**WORK INSTRUCTION**
Leave every picture out, then reproduce the rest of the listing exactly.

**DATA BELOW**
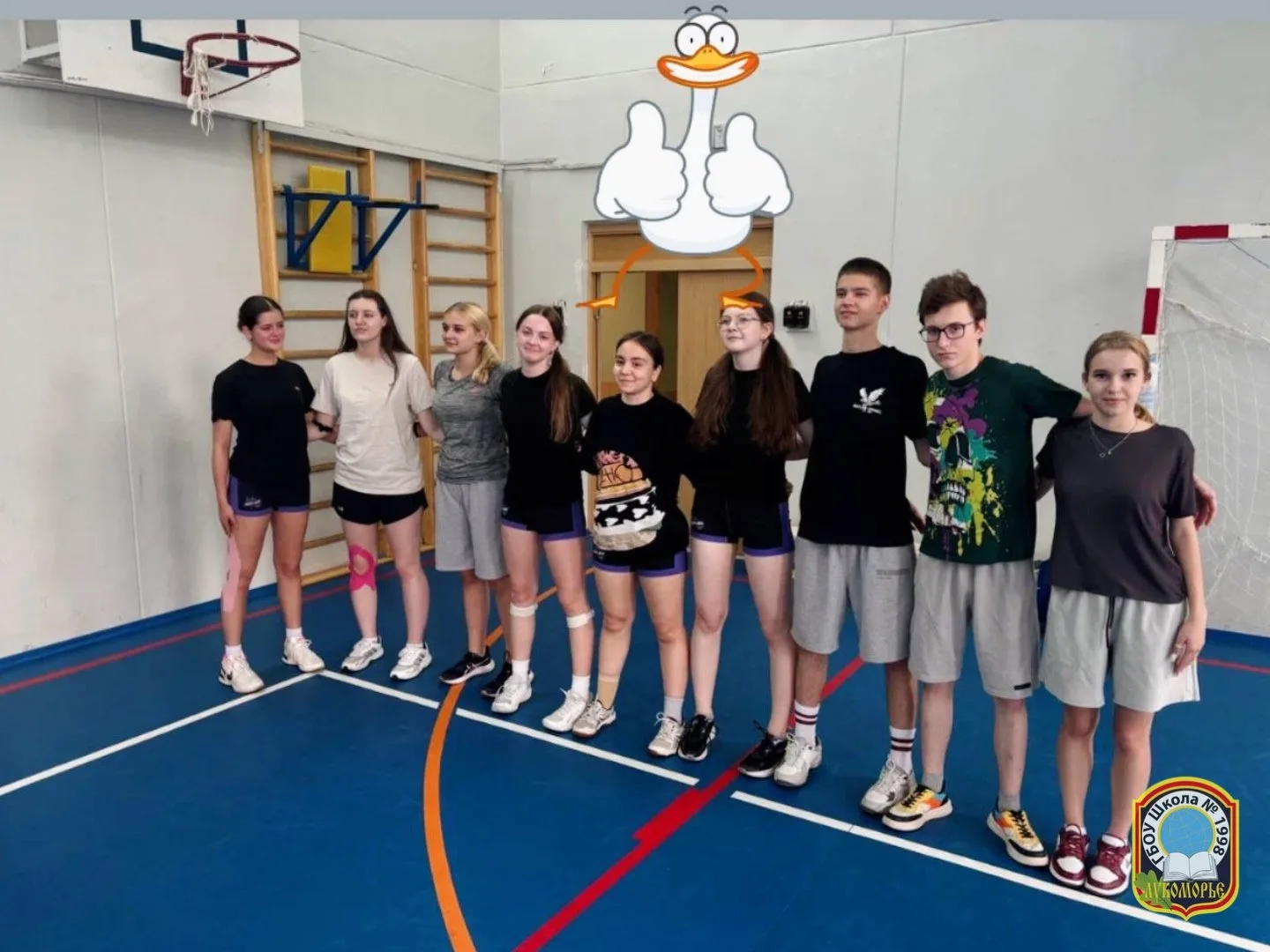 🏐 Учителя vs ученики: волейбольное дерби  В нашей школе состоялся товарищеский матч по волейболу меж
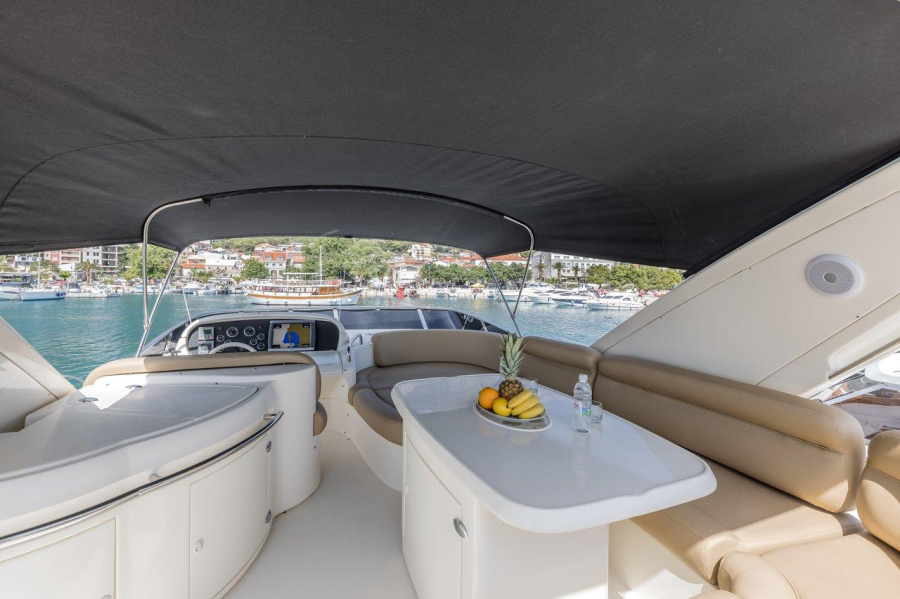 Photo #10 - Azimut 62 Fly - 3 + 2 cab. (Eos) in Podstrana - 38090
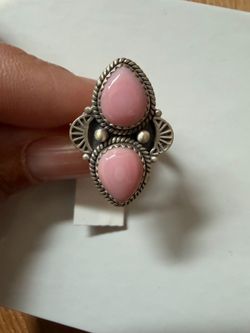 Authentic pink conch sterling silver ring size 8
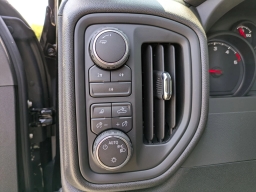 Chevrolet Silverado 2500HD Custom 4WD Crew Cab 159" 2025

**OUTPUT OF THE TASK**
 🏐 Учителя vs ученики: волейбольное дерби  В нашей школе состоялся товарищеский матч по волейболу меж
 Photo #10 - Azimut 62 Fly - 3 + 2 cab. (Eos) in Podstrana - 38090
 Authentic pink conch sterling silver ring size 8
 Chevrolet Silverado 2500HD Custom 4WD Crew Cab 159" 2025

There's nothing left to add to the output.